In those productions he collaborated with names such as Mark Rylance, Martin Shaw and Richard Griffiths. Similarly, in his work with the charity the Kalisher Trust he wrote and produced some fine staged readings. In one, he cast Lord Justice (Anthony) Hughes and dined out saying: ‘The hours I spent coaching him on his lines, the intonation, his stagecraft. What a diva. I wouldn’t mind but he only had to say, “court rise”. That’s all the usher does.’
On leaving Cambridge he obtained pupillage in a family set of chambers which he ‘hated’, but after six months went to 5 King’s Bench Walk, the set founded by Sir Frederick Lawton in 1949, which later moved to 18 Red Lion Court. He was given a tenancy and was made a silk in 1981, taking on many cases in crime, fraud, sport and medicine. In 1991, he led the team for most of the appellants in the successful Guildford Four challenge to their convictions. Big-league fraud cases included Blue Arrow and Marconi; and acting in 1993 in a £90 million fraud trial for Terry Ramsden, a racehorse owner. In 1995, he defended George Graham, manager of Arsenal, on corruption charges before an FA panel. Graham was found guilty of misconduct and sacked.
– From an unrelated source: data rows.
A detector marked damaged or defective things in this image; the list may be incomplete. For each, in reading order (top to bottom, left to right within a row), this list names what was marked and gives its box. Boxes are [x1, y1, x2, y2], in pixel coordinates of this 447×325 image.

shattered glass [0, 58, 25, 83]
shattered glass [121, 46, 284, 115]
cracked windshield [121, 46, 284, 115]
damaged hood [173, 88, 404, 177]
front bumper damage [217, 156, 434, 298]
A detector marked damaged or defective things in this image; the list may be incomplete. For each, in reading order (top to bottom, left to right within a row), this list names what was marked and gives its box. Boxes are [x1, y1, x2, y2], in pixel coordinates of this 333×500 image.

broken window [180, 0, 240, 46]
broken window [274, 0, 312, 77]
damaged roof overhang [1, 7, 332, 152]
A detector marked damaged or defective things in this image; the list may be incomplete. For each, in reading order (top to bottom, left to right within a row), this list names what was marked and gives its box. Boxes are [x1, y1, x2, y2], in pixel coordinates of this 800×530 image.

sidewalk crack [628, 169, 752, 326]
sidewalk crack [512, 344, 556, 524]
If Arlidge’s cases often made the headlines, so did his private life. He married Enid (‘Topsy’) Townsend in 1964, a teacher, and remained married to her long after they separated in 1991. They had four children: Catherine, a violinist with the City of Birmingham Symphony Orchestra and artistic director of the National Children’s Orchestras; John, a senior writer on The Sunday Times (whose partner is Stephanie Flanders, head of economics and government at Bloomberg); Vicky, a composer who has written extensively for TV and theatre and produced popular children’s albums; and Matthew, a crime fiction author and TV script writer. There are nine grandchildren.
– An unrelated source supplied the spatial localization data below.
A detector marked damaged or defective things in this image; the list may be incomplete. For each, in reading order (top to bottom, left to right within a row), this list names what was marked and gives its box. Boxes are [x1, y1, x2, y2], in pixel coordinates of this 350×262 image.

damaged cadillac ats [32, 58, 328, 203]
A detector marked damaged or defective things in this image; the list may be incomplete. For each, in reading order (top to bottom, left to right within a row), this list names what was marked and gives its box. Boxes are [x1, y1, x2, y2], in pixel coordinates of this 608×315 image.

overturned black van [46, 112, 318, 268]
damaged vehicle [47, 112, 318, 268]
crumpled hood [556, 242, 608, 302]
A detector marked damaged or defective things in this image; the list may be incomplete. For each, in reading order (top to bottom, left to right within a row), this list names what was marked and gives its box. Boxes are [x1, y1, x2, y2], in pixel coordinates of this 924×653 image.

After the separation, Arlidge had several relationships, including with Constance Briscoe, one of the first black women recorders and author of Ugly, which detailed the abuse she claimed to have suffered at the hands of her mother. Arlidge was supportive and toured south London with her to promote the book. They parted after 12 years in 2010 when Arlidge embarked on a relationship with Heather Lockwood, a barrister then working as a paralegal. She was 25 and he was in his seventies. The liaison caused a ripple of gossip through the Temple, with Briscoe describing it as ‘a bit ridiculous’. Briscoe was jailed in 2014 after being found guilty of lying in 2013 in defence of her friend Vicky Pryce. Pryce and her then husband, Chris Huhne MP, were facing perjury charges over a speeding fine that Pryce falsely accepted for Huhne. They were found guilty. Arlidge and Lockwood married in 2020.
Despite his talents, Arlidge was a modest, self-deprecating man who never forgot his ordinary background. At heart an iconoclast, he disliked the pompous aspects of the Bar and punctured self-importance whenever he could. Away from the courtroom or stage he also wrote or co-authored leading textbooks on contempt and fraud and, with Igor Judge, the former Lord Chief Justice, published Magna Carta Uncovered in 2014.
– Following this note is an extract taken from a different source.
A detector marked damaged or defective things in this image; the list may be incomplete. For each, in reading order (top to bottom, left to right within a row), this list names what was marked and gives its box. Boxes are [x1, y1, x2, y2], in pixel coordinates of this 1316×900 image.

He never lost his zest for the law, the courts, its characters, nor a sense of irrepressible fun, right to his death. Judge Mark Lucraft, his friend and a former chief coroner of England and Wales, saw him two days before he died. Arlidge would joke with him: ‘I have the chief coroner as an executor to my will so at least they’ll be certain I’m dead.’
Anthony Arlidge KC was born on February 18, 1937. He died on January 27, 2023, aged 85.